§ Your assignment: Give back exactly the lines starting at the one with "this 845×633 image." and ending at the last line of the data below. Pictures are not part of the copy.

§ Exercise data:

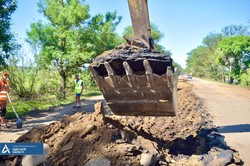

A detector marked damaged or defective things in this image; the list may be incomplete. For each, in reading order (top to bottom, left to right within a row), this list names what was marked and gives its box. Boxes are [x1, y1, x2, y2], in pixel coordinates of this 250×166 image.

damaged road surface [0, 82, 242, 165]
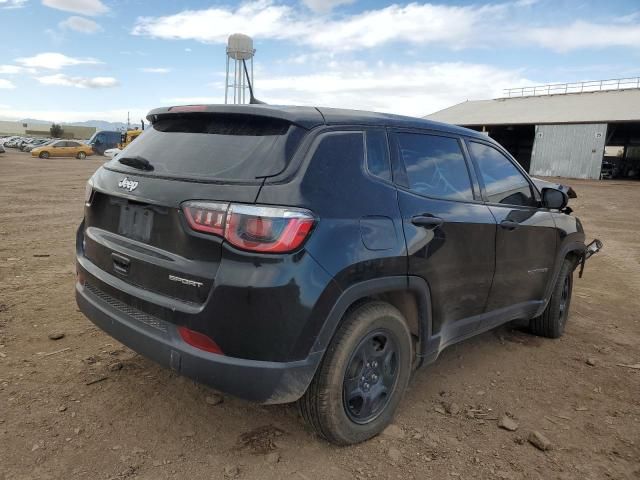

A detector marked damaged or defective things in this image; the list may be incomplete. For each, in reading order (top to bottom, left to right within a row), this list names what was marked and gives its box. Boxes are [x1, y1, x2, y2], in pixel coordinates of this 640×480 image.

damaged front bumper [576, 239, 604, 278]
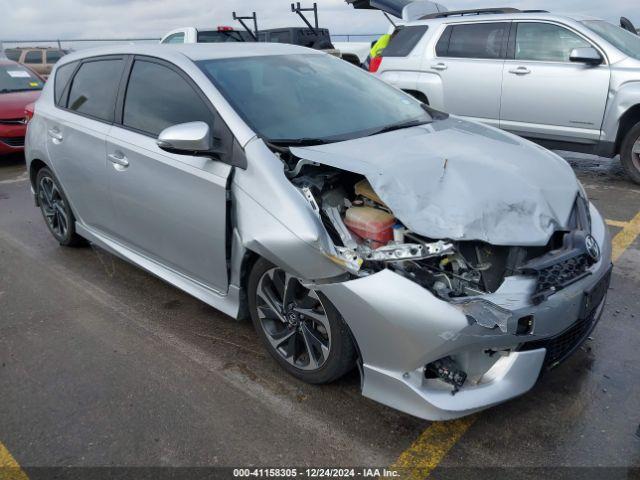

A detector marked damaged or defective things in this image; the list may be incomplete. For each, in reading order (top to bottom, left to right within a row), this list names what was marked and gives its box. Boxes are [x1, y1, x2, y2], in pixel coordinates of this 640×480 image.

crumpled hood [290, 117, 580, 248]
severe front damage [262, 117, 612, 420]
damaged bumper [318, 204, 612, 418]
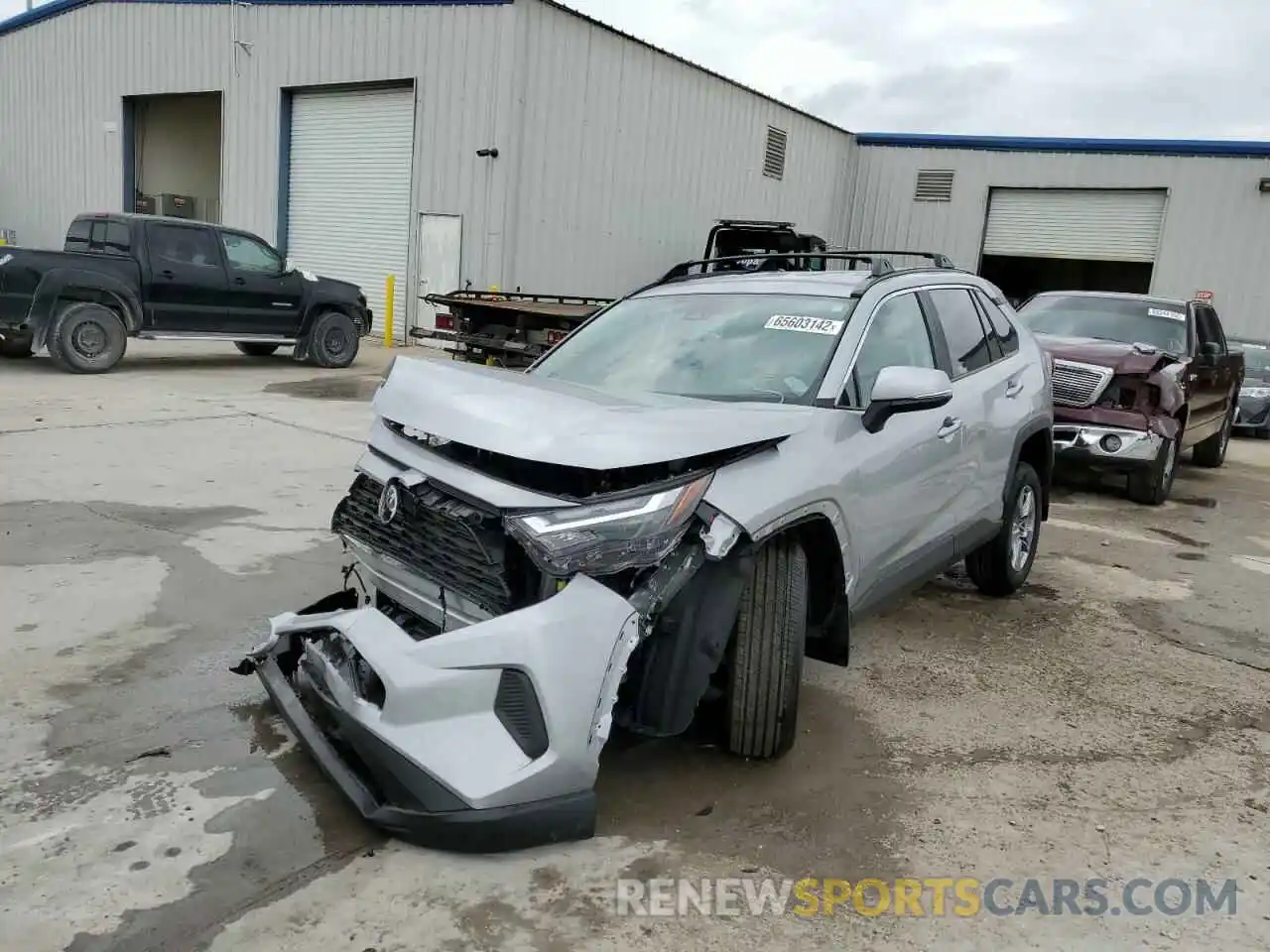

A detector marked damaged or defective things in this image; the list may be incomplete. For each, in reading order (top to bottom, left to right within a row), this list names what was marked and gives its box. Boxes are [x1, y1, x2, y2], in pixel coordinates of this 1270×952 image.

crumpled hood [373, 355, 813, 469]
crumpled hood [1031, 334, 1178, 375]
detached front bumper [1051, 423, 1163, 474]
damaged front end of maroon truck [1010, 294, 1239, 510]
broken headlight [500, 474, 710, 578]
damaged toyota rav4 [236, 254, 1051, 858]
detached front bumper [236, 578, 645, 853]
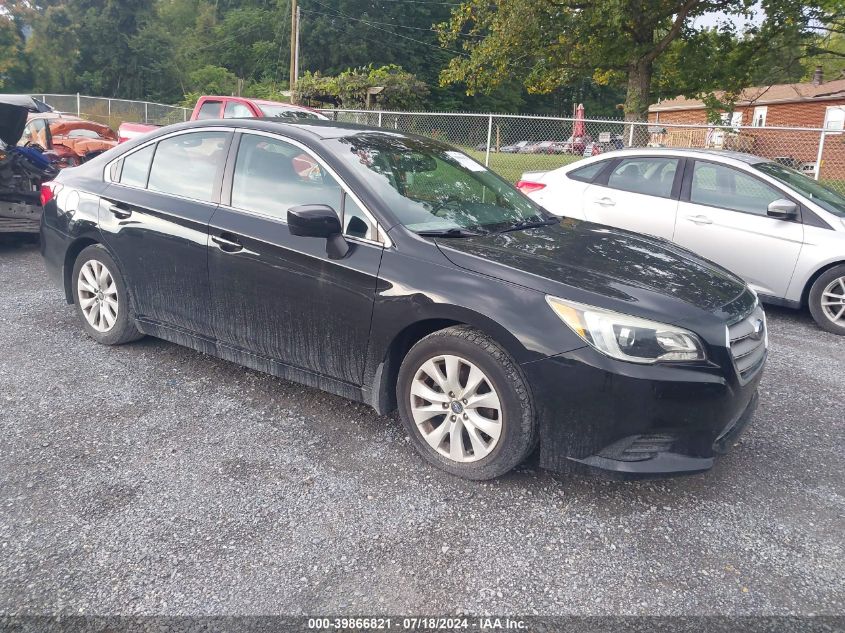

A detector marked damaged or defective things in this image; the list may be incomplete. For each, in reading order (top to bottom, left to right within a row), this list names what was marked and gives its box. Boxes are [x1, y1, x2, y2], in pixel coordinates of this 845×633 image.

damaged car [0, 97, 56, 236]
damaged car [21, 111, 118, 167]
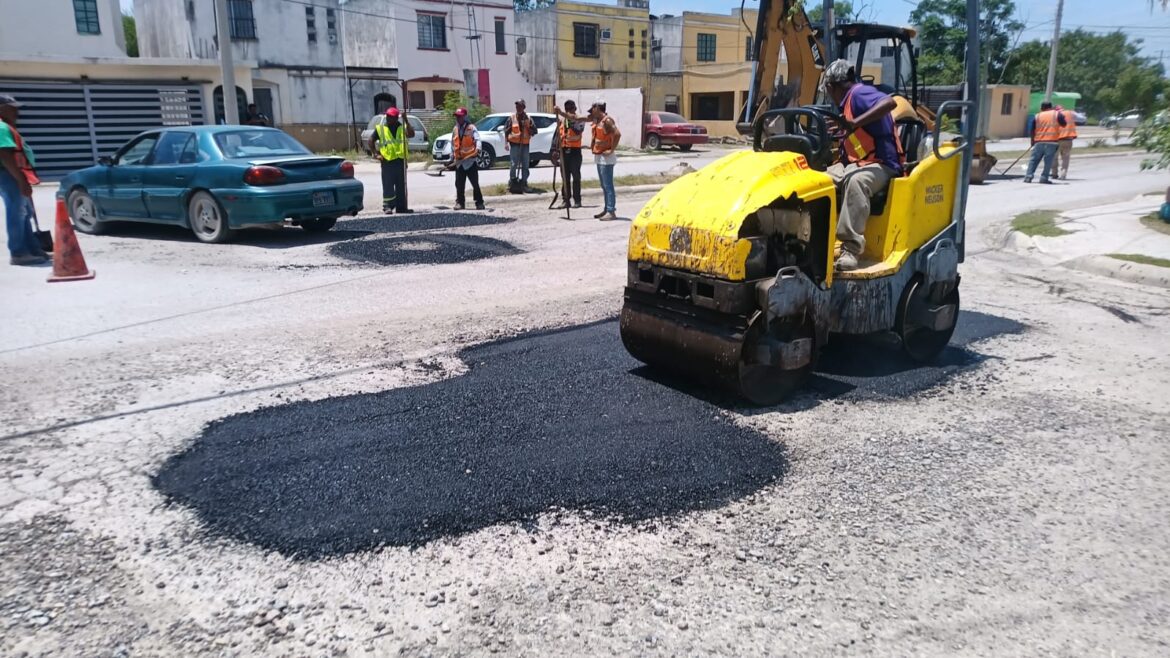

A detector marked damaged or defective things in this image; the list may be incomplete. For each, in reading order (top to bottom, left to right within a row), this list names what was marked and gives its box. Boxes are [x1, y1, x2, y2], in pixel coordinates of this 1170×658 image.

§ Exercise response:
A detector marked damaged or defective things in this image; the list may be incomplete. For each, in reading order (top to bottom, left to right within a row), this list names what was marked and gives its box. Boxes are [x1, y1, x2, y2], in pixel coordinates of this 845×633 image.

damaged car [0, 97, 56, 236]
damaged car [21, 111, 118, 167]

A detector marked damaged or defective things in this image; the list may be incomplete. For each, in reading order (top to bottom, left to right within a row), this list names what was marked and gives its box. Boxes are [x1, y1, x2, y2], in pixel coordinates of this 1170×658 image.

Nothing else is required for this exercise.